### WORK ITEM
Lines below starting with the line with "天然珊瑚ブローチ、帯留め" and going on through the line with "Benjara Rasha 3" must be output exactly; the rest of the records must be left out.

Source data
──────────────────────────────
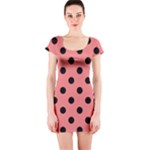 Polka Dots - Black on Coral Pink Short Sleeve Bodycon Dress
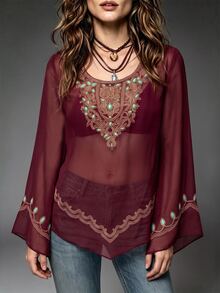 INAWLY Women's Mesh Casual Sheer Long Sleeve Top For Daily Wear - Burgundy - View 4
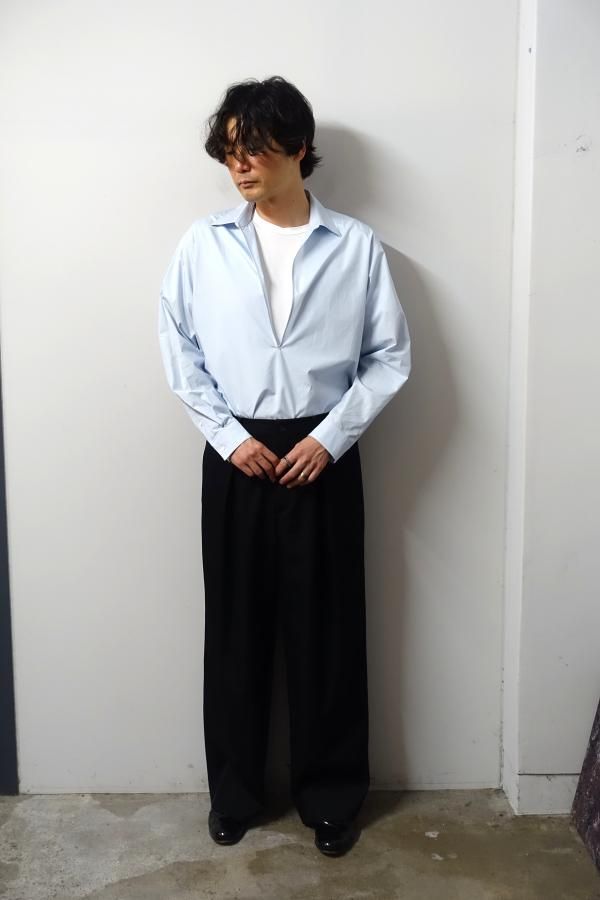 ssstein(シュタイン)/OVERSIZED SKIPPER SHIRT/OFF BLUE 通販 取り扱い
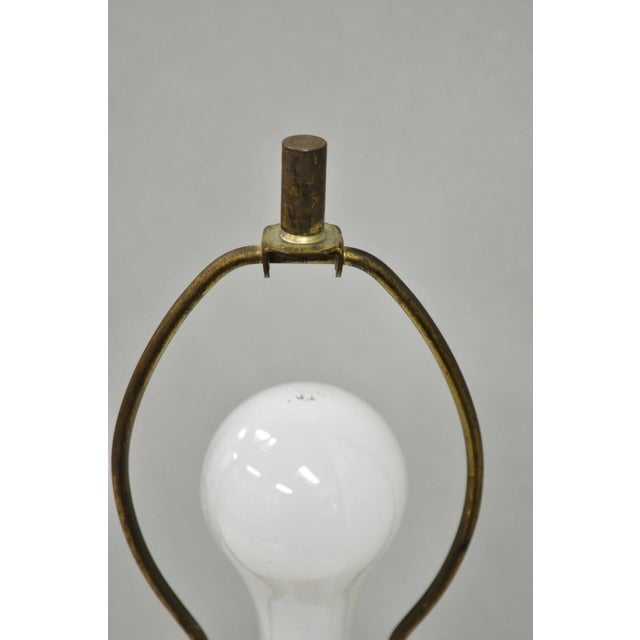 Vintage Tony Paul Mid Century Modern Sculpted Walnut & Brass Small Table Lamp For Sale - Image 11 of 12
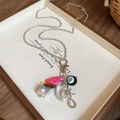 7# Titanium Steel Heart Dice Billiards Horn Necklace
──────────────────────────────
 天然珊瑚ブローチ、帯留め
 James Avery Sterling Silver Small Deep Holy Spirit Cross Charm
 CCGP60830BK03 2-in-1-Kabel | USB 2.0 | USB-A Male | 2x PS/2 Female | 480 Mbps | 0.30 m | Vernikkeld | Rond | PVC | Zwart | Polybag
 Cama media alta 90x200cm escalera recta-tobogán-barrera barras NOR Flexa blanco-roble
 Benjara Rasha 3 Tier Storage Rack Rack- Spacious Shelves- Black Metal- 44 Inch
──────────────────────────────
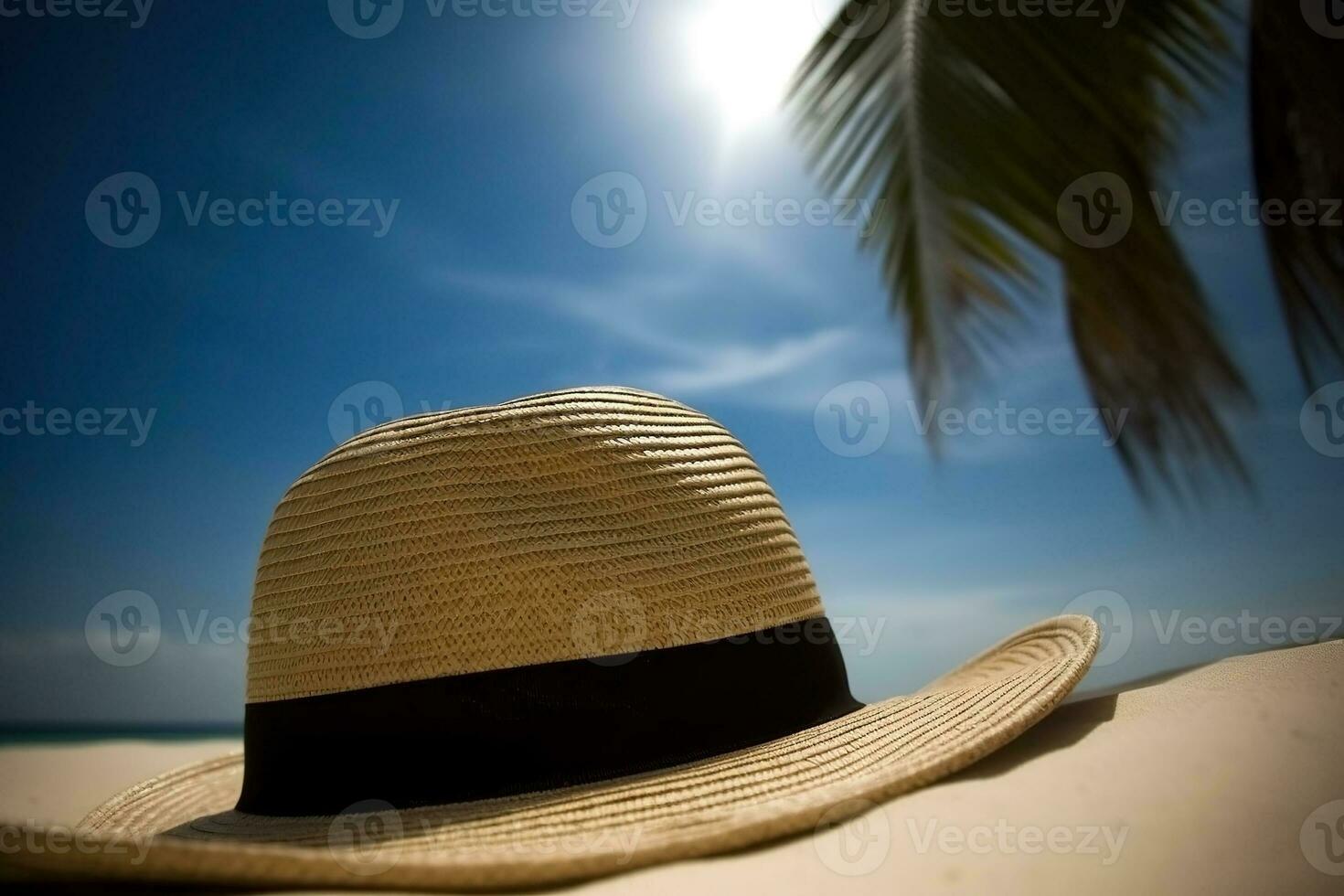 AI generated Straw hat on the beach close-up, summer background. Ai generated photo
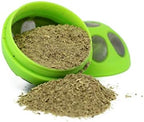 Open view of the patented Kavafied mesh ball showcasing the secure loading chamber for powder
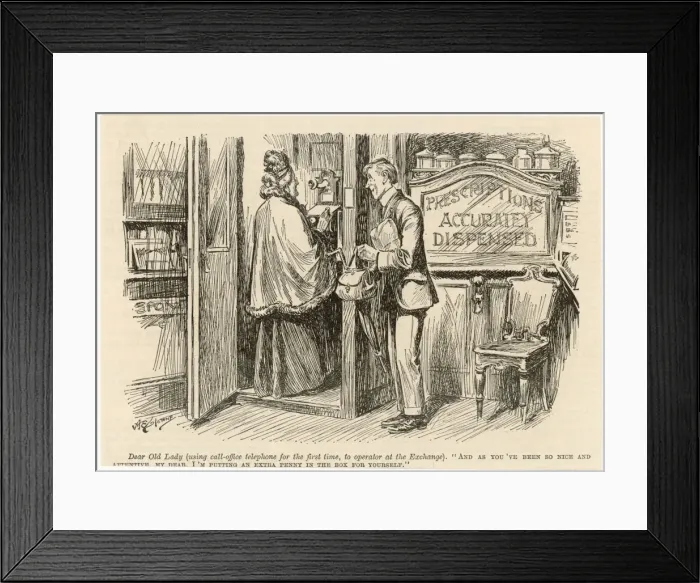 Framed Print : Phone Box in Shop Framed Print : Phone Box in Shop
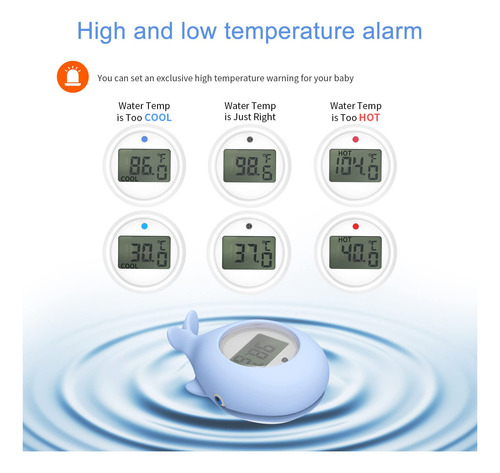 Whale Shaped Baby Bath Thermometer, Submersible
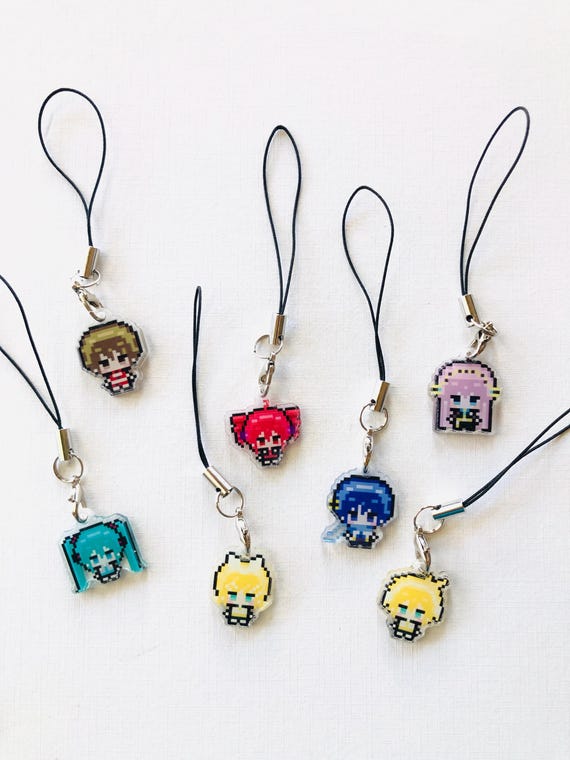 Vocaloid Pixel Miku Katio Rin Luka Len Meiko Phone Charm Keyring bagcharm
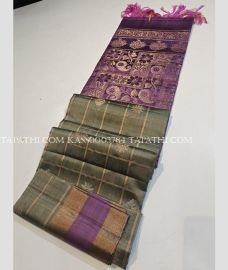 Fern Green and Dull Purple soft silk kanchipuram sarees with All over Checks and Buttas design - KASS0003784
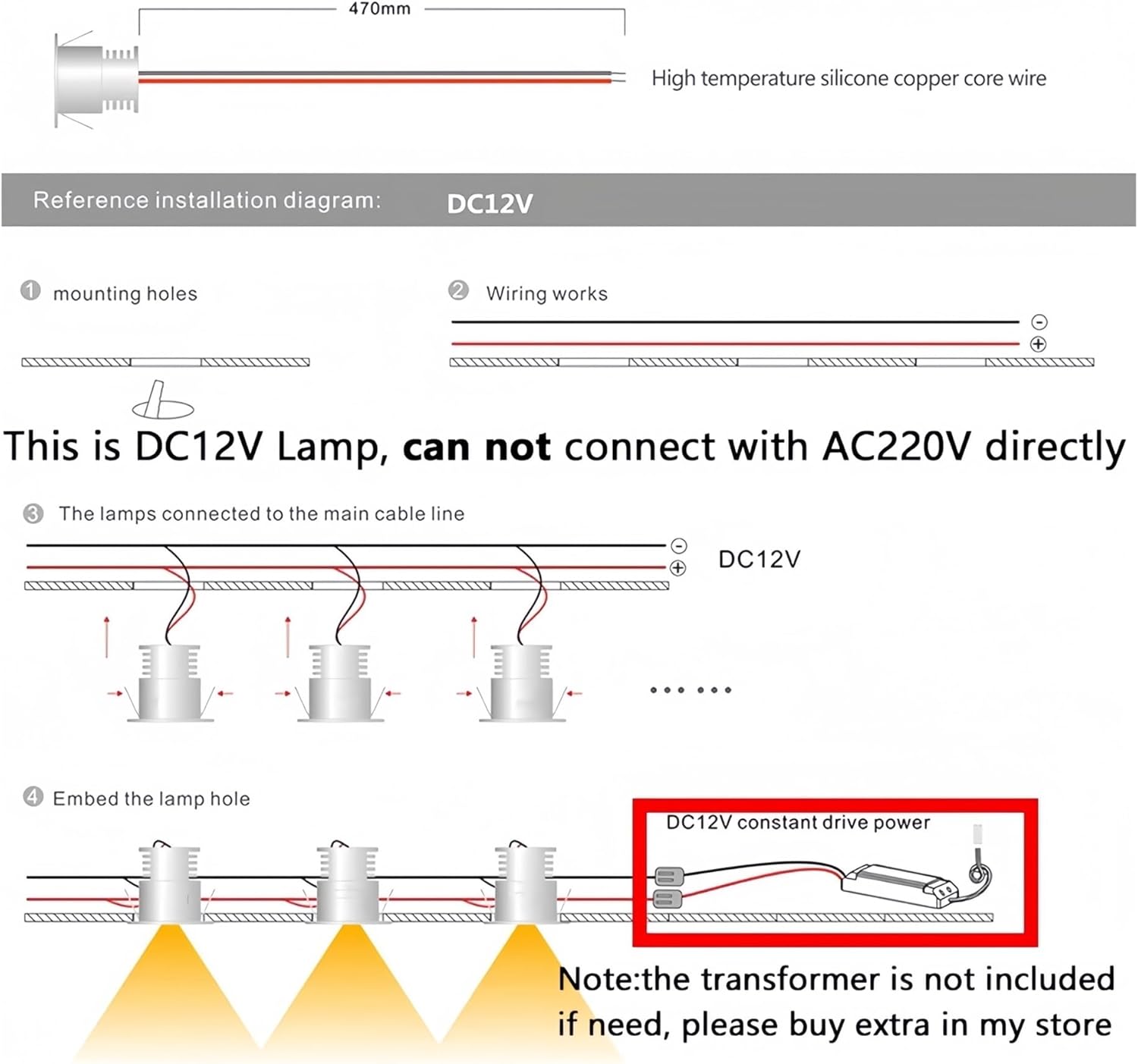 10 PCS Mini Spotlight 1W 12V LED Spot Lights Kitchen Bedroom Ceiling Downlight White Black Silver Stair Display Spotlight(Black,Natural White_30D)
──────────────────────────────
### WRITTEN SOLUTION
 天然珊瑚ブローチ、帯留め
 James Avery Sterling Silver Small Deep Holy Spirit Cross Charm
 CCGP60830BK03 2-in-1-Kabel | USB 2.0 | USB-A Male | 2x PS/2 Female | 480 Mbps | 0.30 m | Vernikkeld | Rond | PVC | Zwart | Polybag
 Cama media alta 90x200cm escalera recta-tobogán-barrera barras NOR Flexa blanco-roble
 Benjara Rasha 3 Tier Storage Rack Rack- Spacious Shelves- Black Metal- 44 Inch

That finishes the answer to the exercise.